• _Data excerpt_
..............................

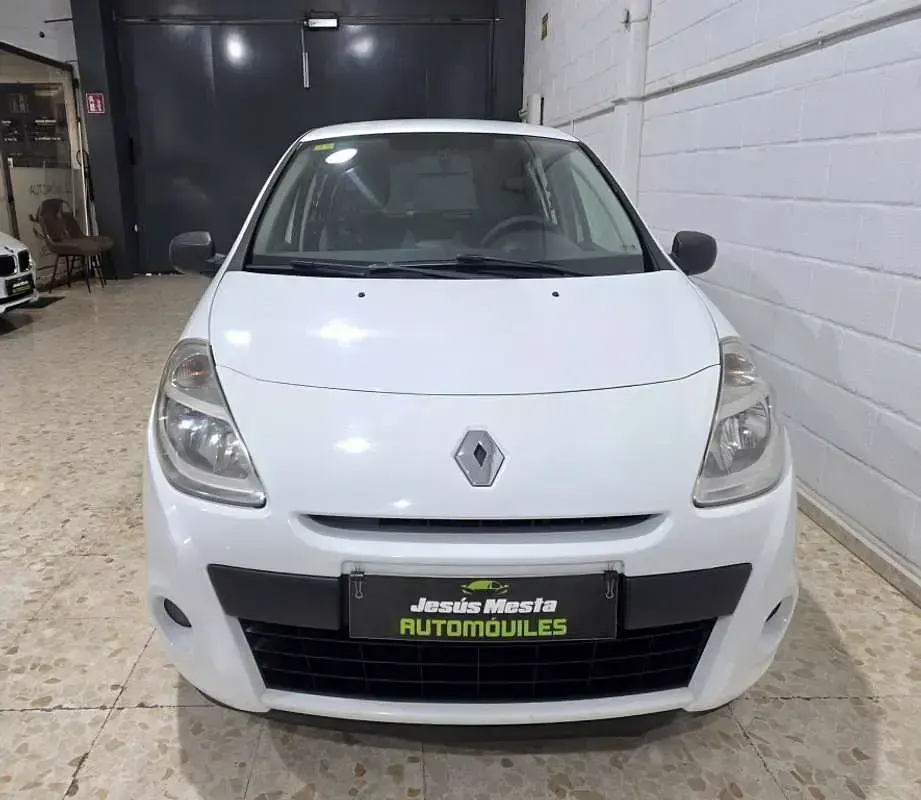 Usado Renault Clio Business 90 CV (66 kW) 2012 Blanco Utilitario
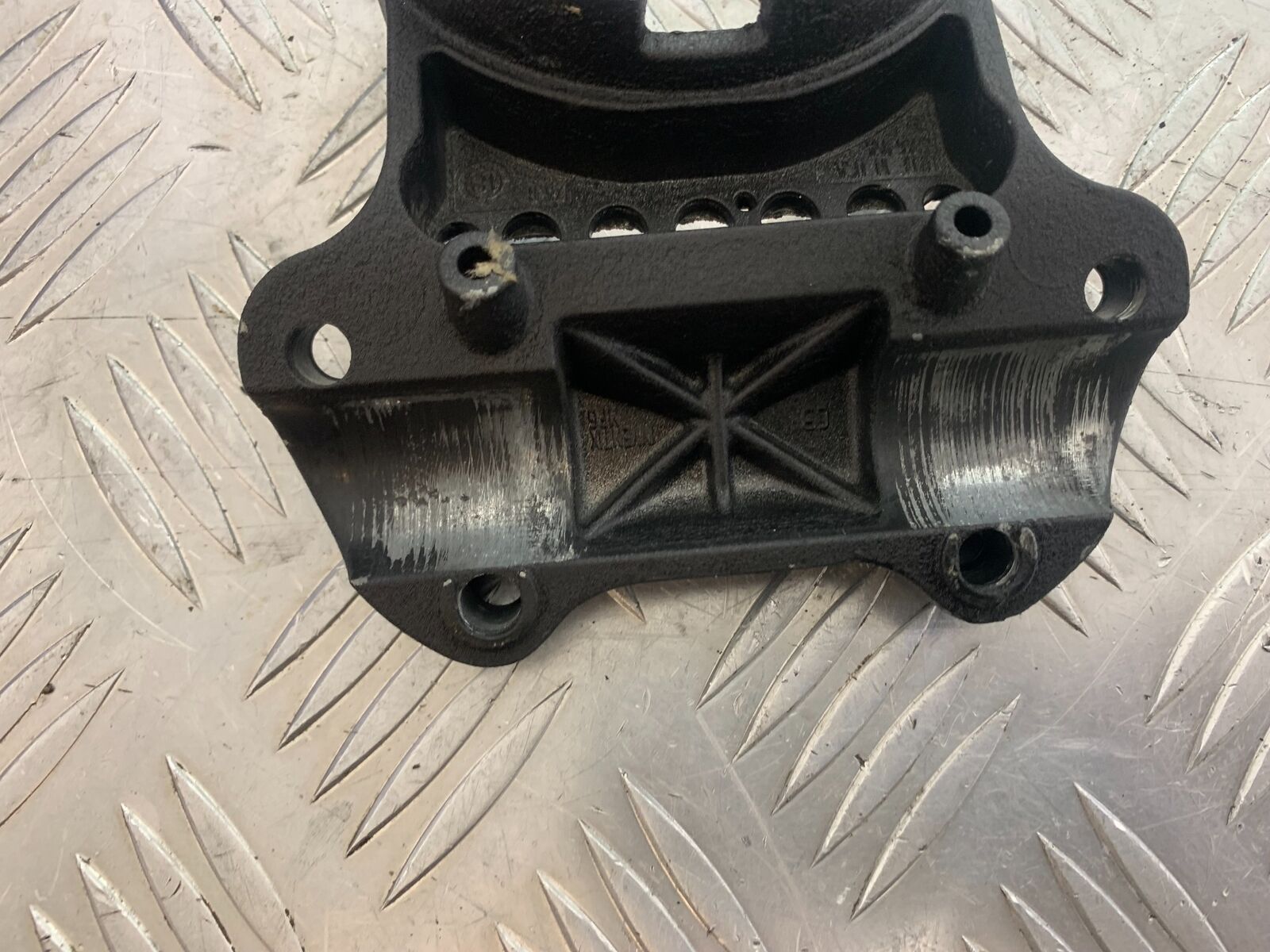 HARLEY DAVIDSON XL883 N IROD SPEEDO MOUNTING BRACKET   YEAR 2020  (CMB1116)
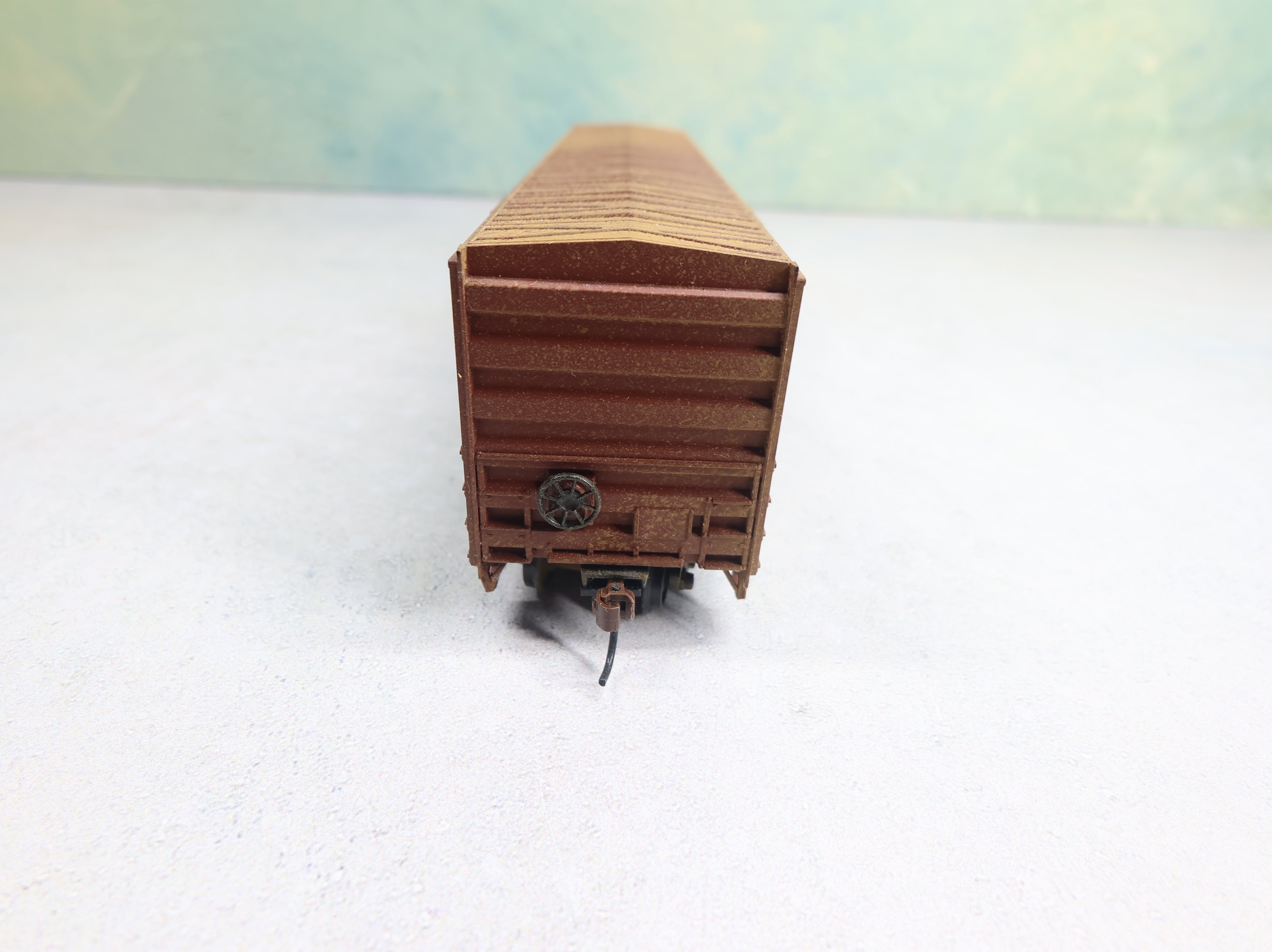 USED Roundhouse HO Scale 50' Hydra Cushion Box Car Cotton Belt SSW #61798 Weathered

..............................

• _Problem description_
Drop the pictures and copy the data exactly.

• _The answer_
 Usado Renault Clio Business 90 CV (66 kW) 2012 Blanco Utilitario
 HARLEY DAVIDSON XL883 N IROD SPEEDO MOUNTING BRACKET   YEAR 2020  (CMB1116)
 USED Roundhouse HO Scale 50' Hydra Cushion Box Car Cotton Belt SSW #61798 Weathered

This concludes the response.